In the following, we call the unique element in (iv) the concatenation of the sequence \((x_k)\) along the partition \((A_k)\), and denote it by \(\sum \nolimits _k 1_{A_k}x_k\). For a sequence \((x_n)\) in a conditional metric space (X, d), we write \(x_n\rightarrow x\) whenever \(d(x,x_n)\rightarrow 0\) a.s.. Further, a conditional subsequence\((x_{n_k})\) of \((x_n)\) is of the form \(x_{n_k}:=\sum \nolimits _{j\in {\mathbb {N}}} 1_{\{n_k=j\}}x_j\), where \((n_k)\) is a sequence in \(L^0_{{\mathcal {G}}}({\mathbb {N}})\) such that \(n_k<n_{k+1}\) for all \(k\in {\mathbb {N}}\).
Definition 2.2
Let \((X,d_X)\) and \((Z,d_Z)\) be \({\mathcal {G}}\)-conditional metric spaces, and H and G subsets of X and Z, respectively.
The set H is called \({\mathcal {G}}\)-stable if \(H \ne \emptyset \) and \(\sum \nolimits _k 1_{A_k} x_k\in H\) for all \((A_k)\in \varPi _{\mathcal {G}}\) and every sequence \((x_k)\) in H, and sequentially closed if H contains every \(x\in X\), such that there is a sequence \((x_k)\) in H with \(x_k\rightarrow x\).

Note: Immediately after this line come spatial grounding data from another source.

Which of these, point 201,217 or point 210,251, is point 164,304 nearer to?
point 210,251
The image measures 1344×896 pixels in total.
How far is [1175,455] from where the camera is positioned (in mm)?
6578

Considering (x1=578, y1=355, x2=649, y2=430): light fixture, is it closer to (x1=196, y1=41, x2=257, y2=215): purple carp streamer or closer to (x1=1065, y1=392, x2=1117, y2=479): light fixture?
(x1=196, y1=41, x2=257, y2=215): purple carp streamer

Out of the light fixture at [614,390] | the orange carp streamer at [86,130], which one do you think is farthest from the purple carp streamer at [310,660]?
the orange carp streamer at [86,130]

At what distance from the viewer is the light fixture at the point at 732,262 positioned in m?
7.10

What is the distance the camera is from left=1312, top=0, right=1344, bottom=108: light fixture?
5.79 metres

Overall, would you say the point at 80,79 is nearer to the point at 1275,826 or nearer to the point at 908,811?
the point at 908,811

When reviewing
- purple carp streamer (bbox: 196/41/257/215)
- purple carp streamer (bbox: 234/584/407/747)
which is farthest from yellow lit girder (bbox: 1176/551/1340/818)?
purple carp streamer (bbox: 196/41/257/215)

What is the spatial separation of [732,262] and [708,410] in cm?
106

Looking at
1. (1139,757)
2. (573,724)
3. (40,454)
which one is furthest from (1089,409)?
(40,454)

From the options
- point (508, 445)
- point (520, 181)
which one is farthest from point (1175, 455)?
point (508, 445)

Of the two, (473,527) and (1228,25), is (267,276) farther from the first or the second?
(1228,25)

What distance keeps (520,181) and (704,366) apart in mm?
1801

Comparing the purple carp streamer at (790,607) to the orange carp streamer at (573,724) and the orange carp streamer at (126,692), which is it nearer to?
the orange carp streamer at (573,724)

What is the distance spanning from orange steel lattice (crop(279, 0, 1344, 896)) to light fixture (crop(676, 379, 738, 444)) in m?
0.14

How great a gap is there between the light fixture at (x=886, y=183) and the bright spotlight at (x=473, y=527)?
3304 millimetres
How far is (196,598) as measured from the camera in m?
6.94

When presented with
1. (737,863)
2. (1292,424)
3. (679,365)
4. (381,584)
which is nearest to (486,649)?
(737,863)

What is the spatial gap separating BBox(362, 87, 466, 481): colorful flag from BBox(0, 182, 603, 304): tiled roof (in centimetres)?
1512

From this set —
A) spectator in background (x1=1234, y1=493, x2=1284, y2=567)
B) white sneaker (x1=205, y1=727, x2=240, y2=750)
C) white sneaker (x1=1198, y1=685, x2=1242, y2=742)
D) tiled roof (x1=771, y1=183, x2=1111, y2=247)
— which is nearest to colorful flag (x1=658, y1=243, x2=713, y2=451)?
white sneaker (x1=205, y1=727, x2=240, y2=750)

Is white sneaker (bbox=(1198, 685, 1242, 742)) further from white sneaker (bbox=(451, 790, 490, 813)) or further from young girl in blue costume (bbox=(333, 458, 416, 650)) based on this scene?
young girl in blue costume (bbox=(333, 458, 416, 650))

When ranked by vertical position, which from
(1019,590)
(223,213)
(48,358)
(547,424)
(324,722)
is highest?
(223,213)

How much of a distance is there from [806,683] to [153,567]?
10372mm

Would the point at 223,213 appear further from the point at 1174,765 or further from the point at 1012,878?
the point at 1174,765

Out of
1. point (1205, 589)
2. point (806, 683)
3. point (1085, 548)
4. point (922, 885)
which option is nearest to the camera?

A function \(f:H\rightarrow G\) is said to be \({\mathcal {G}}\)-stable if \(f\left( \sum _k 1_{A_k} x_k\right) =\sum \nolimits _k 1_{A_k} f(x_k)\) for all \((A_k)\in \varPi _{\mathcal {G}}\) and every sequence \((x_k)\) in H, where H and G are assumed to be \({\mathcal {G}}\)-stable.
Remark 2.1
-
1.
If (X, d) is a \({\mathcal {G}}\)-conditional metric space, then the metric d is \({\mathcal {G}}\)-stable, i.e., \(d\left( \sum \nolimits _k 1_{A_k}x_k, \sum \nolimits _k 1_{A_k}y_k\right) =\sum \nolimits _k 1_{A_k}d(x_k,y_k)\) for all sequences \((x_k)\) and \((y_k)\) in X and \((A_k)\in \varPi _{\mathcal {G}}\). Indeed, denoting by \(x=\sum \nolimits _k 1_{A_k}x_k\) and \(y=\sum \nolimits _k 1_{A_k}y_k\) the respective concatenations, it follows from the triangular inequality that
$$\begin{aligned} 1_{A_k}d(x,y)&\le 1_{A_k}d(x,x_k)+1_{A_k}d(x_k,y_k)+1_{A_k}d(y_k,y)=1_{A_k}d(x_k,y_k)\\&\le 1_{A_k}d(x_k,x)+1_{A_k}d(x,y)+1_{A_k}d(y_k,y)=1_{A_k}d(x,y), \end{aligned}$$
which shows that \(1_{A_k}d(x,y)=1_{A_k}d(\sum _k 1_{A_k}x_k,\sum \nolimits _k 1_{A_k}y_k)=1_{A_k}d(x_k,y_k)\) for all \(k\in {\mathbb {N}}\). Summing up over all k yields the desired \({\mathcal {G}}\)-stability.
-
2.
Let \((X,d_X)\) and \((Y,d_Y)\) be two \({\mathcal {G}}\)-conditional metric spaces. Then, its product \(X\times Y\) endowed with the \({\mathcal {G}}\)-conditional metric
$$\begin{aligned}d_{X\times Y}\left( (x,y),(x^\prime ,y^\prime )\right) :=\max \{d_{X}(x,x^\prime ),d_{Y}(y,y^\prime )\}\end{aligned}$$
is a \({\mathcal {G}}\)-conditional metric space.
-
3.
Let \((X,d_X)\) be a \({\mathcal {G}}\)-conditional metric space. Then, the set \({\mathbf {X}}\) of all pairs \((x,A)\in X\times {\mathcal {G}}\), where (x, A) and (y, B) are identified if \(A=B\) and \(1_A d(x,y)=0\), is a conditional set as introduced in
[2]; in
[2, Section 4] conditional metric spaces are defined.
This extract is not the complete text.